╭─ Records supplied

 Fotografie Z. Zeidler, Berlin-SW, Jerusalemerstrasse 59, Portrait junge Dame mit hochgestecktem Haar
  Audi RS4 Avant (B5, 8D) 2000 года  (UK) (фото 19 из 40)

╰─
╭─ Records supplied

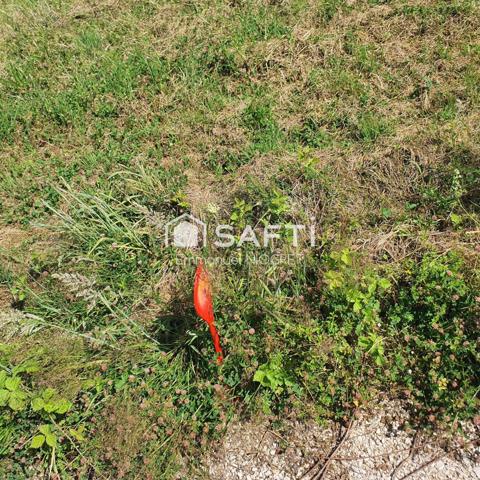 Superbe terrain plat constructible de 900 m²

╰─

All that is needed is the exact run of lines above from the line containing "Fotografie Z. Zeidler, Berlin-SW, Jerusalemerstrasse" through the line containing "Audi RS4 Avant", both of them included.

 Fotografie Z. Zeidler, Berlin-SW, Jerusalemerstrasse 59, Portrait junge Dame mit hochgestecktem Haar
  Audi RS4 Avant (B5, 8D) 2000 года  (UK) (фото 19 из 40)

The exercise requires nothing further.